Don't forget oil companies unless you can't stomach the idea. Chevron (NYSE:CVX) and ExxonMobil (NYSE:XOM) are fierce defenders of their dividends and, obviously, huge beneficiaries of sky-high oil and natural gas prices. Chevron is still up 22% on the year after falling 3.5% in September.

Lastly, experts tout the idea of dollar-cost averaging into stocks or mutual funds. That is, put money into a stock or fund you believe in on a regular basis. You build up more shares as you go along at a lower overall price, and, when the market turns, you're set up.

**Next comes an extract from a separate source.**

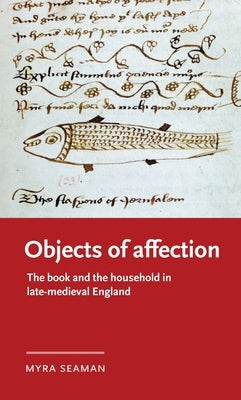 Objects of Affection: The Book and the Household in Late Medieval England by Seaman, Myra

Index funds thrive on investors doing just that and charge low fees.

What to avoid right now are investments that require taking on a lot of debt. A house, for example. Shares in homebuilding companies, which depend on priced mortgages for customers. Some retailers, whose startups depend on regular infusions of cash.

The best phrase that describes how one should look at investing now that September has gone away is: Be careful out there.

Market sentiment is horrible. Here's an example. Stocks making new 52-week highs in September totaled 535, according to Barchart.com data. Stocks making 52-week lows totaled 11,580.

But bear markets end and open new opportunities for the smart investor. The 2008-2009 bear market started in October 2007 and bottomed after a bit more than 16 months. That set off a powerful rally that saw the Dow recover all its losses in just five months.

The task for anyone trying to decide right now what to do is to map out both the hoped-for goals and the process by which the goals are achieved.

Homework pays off.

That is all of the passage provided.